### Source material:
◇ ◇ ◇ ◇ ◇ ◇ ◇

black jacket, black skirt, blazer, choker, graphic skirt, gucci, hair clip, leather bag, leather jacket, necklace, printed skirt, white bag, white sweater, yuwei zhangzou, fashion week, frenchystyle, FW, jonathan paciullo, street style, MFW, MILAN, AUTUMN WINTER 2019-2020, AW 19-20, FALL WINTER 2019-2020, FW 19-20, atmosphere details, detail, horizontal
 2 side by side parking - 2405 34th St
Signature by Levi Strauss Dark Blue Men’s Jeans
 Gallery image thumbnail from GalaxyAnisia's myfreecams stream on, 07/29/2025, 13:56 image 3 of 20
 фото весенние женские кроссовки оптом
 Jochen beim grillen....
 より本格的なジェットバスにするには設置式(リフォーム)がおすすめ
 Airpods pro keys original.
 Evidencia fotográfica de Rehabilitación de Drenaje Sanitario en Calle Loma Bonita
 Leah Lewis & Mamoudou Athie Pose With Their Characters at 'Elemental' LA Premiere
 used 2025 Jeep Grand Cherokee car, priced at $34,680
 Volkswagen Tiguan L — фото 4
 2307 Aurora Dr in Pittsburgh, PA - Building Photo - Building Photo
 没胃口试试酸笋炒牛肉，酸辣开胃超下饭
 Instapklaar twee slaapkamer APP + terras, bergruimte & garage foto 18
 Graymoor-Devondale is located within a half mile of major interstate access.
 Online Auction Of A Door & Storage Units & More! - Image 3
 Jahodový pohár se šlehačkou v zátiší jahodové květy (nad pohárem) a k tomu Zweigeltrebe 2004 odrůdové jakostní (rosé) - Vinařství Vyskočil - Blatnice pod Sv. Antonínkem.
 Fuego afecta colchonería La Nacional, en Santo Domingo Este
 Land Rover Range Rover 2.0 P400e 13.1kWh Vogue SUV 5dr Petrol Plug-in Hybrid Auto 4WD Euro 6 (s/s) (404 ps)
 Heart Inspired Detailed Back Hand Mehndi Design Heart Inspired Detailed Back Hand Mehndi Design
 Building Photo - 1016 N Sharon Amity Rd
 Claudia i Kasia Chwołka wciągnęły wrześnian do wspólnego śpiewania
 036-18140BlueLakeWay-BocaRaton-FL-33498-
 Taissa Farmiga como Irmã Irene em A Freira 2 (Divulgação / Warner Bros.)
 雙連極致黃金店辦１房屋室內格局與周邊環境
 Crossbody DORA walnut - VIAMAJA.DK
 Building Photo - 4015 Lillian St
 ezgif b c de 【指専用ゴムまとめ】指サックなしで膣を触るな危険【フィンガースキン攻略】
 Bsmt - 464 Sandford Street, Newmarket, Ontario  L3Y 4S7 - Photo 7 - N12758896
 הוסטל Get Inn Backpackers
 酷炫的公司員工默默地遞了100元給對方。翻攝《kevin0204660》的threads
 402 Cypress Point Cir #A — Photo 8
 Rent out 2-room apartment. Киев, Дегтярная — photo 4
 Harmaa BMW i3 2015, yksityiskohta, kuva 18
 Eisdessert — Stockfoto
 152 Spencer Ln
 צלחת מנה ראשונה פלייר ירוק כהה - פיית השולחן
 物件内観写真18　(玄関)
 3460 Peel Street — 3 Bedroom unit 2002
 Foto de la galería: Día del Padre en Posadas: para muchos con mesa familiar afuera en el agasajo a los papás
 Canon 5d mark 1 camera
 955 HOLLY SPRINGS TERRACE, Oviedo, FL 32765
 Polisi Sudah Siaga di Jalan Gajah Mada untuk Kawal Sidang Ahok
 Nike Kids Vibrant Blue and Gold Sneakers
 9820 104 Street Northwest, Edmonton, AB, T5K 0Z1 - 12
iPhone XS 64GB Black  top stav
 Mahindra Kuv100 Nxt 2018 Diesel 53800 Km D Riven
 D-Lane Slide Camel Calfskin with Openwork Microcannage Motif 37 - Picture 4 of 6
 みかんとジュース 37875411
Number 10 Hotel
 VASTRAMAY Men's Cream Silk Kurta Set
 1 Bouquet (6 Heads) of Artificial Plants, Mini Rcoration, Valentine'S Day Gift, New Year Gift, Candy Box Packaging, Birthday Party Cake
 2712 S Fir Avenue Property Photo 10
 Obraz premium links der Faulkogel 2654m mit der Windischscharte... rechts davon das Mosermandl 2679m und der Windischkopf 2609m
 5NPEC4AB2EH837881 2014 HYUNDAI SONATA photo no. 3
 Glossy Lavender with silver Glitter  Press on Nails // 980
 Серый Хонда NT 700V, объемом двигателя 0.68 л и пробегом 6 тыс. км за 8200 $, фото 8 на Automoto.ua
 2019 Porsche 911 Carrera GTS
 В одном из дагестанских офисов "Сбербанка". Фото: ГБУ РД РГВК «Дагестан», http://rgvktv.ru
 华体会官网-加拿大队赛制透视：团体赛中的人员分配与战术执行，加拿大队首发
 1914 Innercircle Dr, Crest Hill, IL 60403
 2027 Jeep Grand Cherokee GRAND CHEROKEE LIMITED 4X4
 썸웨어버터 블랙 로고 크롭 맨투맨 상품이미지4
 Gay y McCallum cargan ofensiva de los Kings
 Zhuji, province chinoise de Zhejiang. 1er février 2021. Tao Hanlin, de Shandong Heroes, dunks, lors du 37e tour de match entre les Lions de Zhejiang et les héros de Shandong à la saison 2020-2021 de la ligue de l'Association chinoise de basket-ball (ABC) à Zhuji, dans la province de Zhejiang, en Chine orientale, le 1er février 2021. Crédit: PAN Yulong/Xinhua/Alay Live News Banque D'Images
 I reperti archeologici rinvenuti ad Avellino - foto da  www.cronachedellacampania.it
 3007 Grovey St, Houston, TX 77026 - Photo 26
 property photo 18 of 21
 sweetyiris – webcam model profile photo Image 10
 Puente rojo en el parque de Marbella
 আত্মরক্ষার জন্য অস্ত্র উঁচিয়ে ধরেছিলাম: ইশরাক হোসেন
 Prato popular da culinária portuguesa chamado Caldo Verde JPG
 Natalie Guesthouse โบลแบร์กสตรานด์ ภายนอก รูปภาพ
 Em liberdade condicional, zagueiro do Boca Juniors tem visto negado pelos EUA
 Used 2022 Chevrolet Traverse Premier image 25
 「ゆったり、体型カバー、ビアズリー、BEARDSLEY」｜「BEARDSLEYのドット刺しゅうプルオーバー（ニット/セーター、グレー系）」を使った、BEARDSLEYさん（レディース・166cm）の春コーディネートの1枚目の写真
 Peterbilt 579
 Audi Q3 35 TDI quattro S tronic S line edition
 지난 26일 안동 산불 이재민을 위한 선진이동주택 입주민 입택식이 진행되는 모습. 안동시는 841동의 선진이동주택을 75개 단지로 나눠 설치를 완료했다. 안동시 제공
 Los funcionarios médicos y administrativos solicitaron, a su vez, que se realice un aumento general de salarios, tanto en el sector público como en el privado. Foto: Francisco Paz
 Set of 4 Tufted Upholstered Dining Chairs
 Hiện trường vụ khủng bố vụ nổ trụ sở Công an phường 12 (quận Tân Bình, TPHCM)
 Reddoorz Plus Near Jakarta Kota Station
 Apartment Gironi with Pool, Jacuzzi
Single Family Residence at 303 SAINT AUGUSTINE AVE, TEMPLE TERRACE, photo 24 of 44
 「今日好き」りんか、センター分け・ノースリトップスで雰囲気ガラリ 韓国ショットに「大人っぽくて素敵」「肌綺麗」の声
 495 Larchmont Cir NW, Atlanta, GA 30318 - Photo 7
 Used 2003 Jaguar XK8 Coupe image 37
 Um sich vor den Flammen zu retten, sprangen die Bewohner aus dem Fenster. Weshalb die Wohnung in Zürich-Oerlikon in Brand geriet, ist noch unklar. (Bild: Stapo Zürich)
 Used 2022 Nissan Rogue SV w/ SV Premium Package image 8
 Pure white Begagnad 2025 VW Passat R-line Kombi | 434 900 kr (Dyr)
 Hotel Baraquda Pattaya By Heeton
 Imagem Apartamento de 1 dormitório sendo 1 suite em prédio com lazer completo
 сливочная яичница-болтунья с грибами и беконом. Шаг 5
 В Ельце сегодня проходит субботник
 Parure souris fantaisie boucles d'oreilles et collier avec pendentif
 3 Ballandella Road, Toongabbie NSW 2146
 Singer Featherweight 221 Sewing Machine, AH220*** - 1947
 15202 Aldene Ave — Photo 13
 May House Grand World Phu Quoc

◇ ◇ ◇ ◇ ◇ ◇ ◇

### The task:
Which lines in the listing have the string "Grand"? Pick them out and copy them.

### Solution to this problem:
 used 2025 Jeep Grand Cherokee car, priced at $34,680
 2027 Jeep Grand Cherokee GRAND CHEROKEE LIMITED 4X4
 May House Grand World Phu Quoc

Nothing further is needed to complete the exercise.